United States v. Swift & Co.
Annotate this Case
286 U.S. 106 (1932)
- Syllabus |
U.S. Supreme Court
United States v. Swift & Co., 286 U.S. 106 (1932)
United States v. Swift & Co.
Argued March 17, 18, 1932
Decided May 2, 1932
286 U.S. 106
1. A court of equity has power to modify a continuing decree of injunction which is directed not to the protection of rights fully accrued upon facts substantially permanent, but to the supervision of future conduct in relation to changing conditions. P. 286 U. S. 114.
2. This power, if not reserved expressly in the decree, is still inherent, and it is the same whether the decree was entered by consent or after litigation. Id.
3. The decree in this case is to be treated as a judicial act, not as a contract; the consent to it was directed to events as they then were, and was not an abandonment of the right to exact revision in the future, if revision should become necessary in adaptation to events to be. P. 286 U. S. 115.
4. Mere size is not an offense against the Sherman Act unless it amounts to a monopoly, but size carries with it opportunity for abuse that is not to be ignored when the opportunity is proved to have been utilized in the past. P. 286 U. S. 116.

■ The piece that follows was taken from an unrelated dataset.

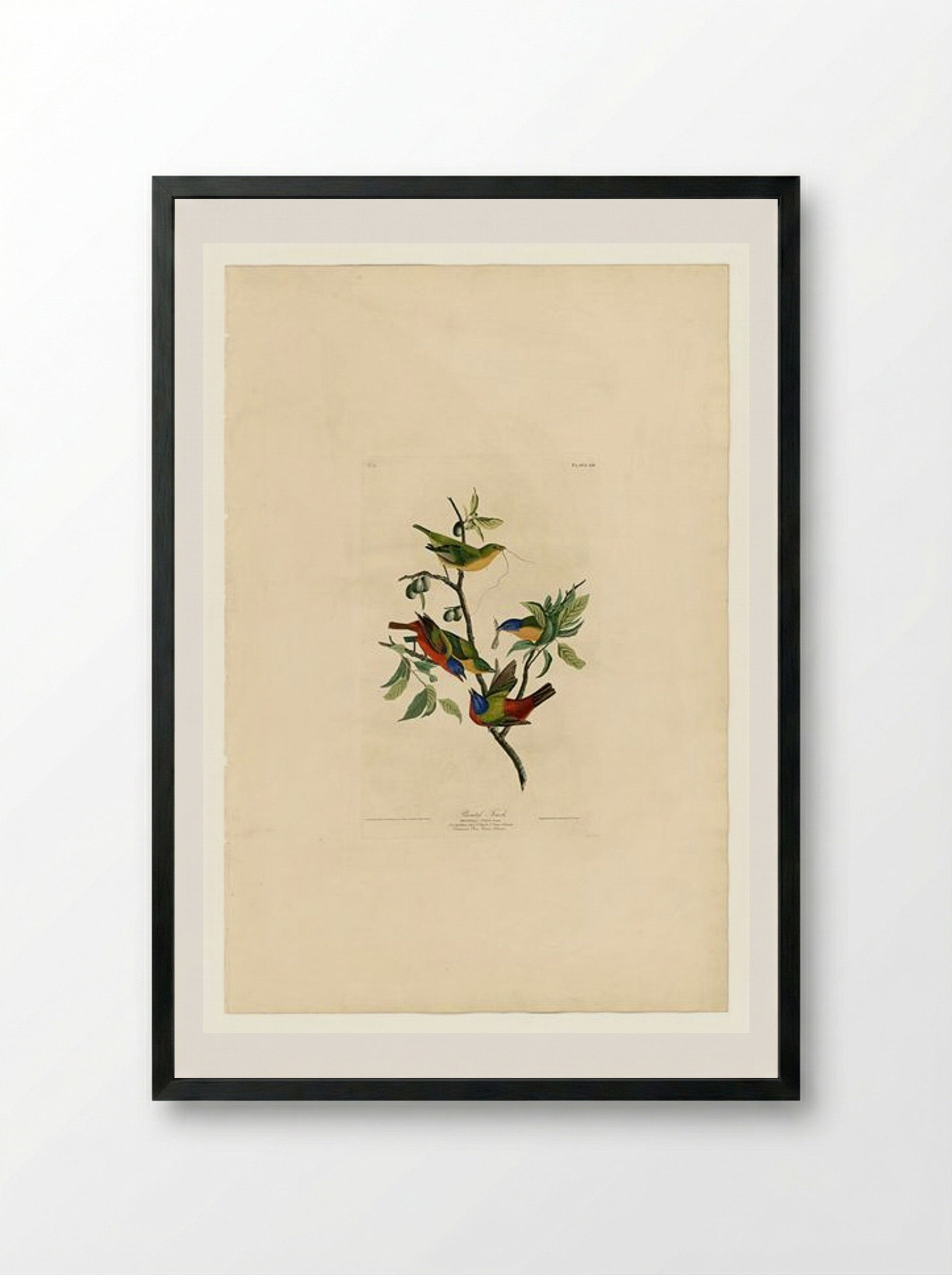 Plate 53. Painted Finch - John James Audubon - Framed Print Black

5. By a decree entered on consent in a suit brought by the United States under the Sherman Act, a monopolistic combination of meat packers was dissolved and the units that composed it were individually enjoined from selling meat at retail, and also from continuing to trade, whether at wholesale or at retail, in "groceries" -- i.e., in certain foodstuffs and other commodities not within the meat industry. The reasons for this last provision were (1) that, because of it great size and its ownership of refrigerator cars, branch houses, and other special facilities incident to its meat business, each of the defendants was in a position to distribute groceries with substantially no increase of overhead, and, by lowering prices temporarily, could eliminate competition of rivals less fortunately situated, and (2), that, by their conduct, they had proved their disposition to do this. Upon an application, years later, to modify the injunction so as to permit wholesaling of groceries,
(1) The question is not of reviewing the decree to determine whether it was right or wrong originally, but is whether, having been made to include the collateral lines of trade with the consent of each defendant, it should now be relaxed because of changed conditions. P. 286 U. S. 119.
(2) The changes that would justify removing this restraint would be such as did away with the reasons upon which it was founded. Id.
(3) In the absence of proof that the reasons for the restraint have vanished, or that the hardships of the decree amount to oppression, the injunction should not be modified. P. 286 U. S. 117 et. seq.
Appeals from a decree modifying an injunction in a suit under the Sherman Law. For other phases of the same litigation, see Swift & Co. v. United States, 276 U. S. 311, and United States v. California Canneries, 279 U. S. 553. One of the present appeals was by the United States, the other two were by associations of wholesale grocers which intervened to oppose the application.